Pokemon Showdown Agent v6 Overview
GoldenGrapeGentleman1/pokemon-showdown-agent-v6 is a specialized 4 billion parameter model, fine-tuned from Qwen/Qwen3-4B, designed to predict the next action in a Pokemon Showdown battle directly from raw replay logs. Unlike models requiring hand-written state summaries, this agent learns from messy, real-world battle data.
Key Capabilities
- Direct Action Prediction: Generates precise, short action commands (e.g.,
move [move-name], switch [pokemon-name]) suitable for agent pipelines. - Raw Log Processing: Learns directly from raw Pokemon Showdown replay logs, simplifying input requirements.
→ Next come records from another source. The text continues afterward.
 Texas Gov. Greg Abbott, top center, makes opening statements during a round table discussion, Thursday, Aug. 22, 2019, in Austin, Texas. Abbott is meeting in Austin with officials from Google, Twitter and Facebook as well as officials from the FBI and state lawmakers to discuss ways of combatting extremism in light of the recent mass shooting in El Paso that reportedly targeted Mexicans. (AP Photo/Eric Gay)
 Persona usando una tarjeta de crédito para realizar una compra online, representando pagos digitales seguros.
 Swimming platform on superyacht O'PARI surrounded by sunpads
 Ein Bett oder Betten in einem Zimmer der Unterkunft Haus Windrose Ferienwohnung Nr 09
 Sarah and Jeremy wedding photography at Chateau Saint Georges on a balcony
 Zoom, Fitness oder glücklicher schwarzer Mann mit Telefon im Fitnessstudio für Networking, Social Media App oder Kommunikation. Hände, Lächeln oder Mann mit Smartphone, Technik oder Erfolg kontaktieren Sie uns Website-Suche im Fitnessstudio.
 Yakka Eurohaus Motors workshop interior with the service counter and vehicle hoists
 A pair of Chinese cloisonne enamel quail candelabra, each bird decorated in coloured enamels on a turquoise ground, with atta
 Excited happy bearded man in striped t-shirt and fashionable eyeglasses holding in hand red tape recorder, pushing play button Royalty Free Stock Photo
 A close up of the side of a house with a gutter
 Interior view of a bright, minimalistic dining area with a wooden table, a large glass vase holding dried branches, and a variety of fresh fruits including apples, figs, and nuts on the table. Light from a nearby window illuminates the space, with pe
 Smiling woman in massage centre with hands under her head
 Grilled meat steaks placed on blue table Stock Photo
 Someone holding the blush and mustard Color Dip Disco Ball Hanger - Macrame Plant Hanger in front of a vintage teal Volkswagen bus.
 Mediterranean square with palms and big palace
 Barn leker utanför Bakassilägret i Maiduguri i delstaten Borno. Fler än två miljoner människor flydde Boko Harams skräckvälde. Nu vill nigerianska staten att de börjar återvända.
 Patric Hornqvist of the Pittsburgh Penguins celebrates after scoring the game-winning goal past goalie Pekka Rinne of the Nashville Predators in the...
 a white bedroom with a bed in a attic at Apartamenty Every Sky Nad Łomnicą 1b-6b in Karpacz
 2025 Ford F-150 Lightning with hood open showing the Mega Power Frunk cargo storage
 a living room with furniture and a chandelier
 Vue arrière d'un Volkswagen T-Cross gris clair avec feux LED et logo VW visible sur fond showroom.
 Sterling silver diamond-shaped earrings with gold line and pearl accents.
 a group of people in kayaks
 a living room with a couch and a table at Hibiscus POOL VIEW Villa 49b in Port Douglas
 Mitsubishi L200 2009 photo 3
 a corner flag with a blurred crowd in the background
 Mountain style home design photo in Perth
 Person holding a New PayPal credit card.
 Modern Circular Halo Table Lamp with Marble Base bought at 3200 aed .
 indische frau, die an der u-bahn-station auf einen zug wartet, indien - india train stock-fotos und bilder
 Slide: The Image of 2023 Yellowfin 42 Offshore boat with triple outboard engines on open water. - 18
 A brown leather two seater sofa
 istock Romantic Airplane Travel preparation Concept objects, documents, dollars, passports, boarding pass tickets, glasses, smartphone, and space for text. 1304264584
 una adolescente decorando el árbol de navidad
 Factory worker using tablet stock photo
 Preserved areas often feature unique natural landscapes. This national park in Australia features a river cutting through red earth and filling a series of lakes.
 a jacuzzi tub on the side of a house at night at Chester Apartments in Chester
- AMD ROCm Optimized: Developed with AMD ROCm workflows in mind, recommending
bfloat16 for stable inference. - Chat-style Prompting: Utilizes a
system message to define the agent's side and a user message for the battle log prefix.
Training Details
The model was fine-tuned using LoRA SFT with Unsloth and TRL, leveraging the milkkarten/pokemon-showdown-replays-merged dataset. The training involved 100,000 train games and 10,000 test games, resulting in over 2.3 million training samples. It supports a full training context length of up to 4096 tokens.
Intended Use Cases
- Predicting next actions from raw Pokemon Showdown log prefixes.
- Building text-only battle agents or evaluation harnesses.
- Studying agent alignment from real replay trajectories.
Limitations
This model is a research checkpoint and not a complete battle engine. It may still produce illegal or strategically weak actions, and its reliability is sensitive to prompt wording. It does not include legality checks or full battle-state management.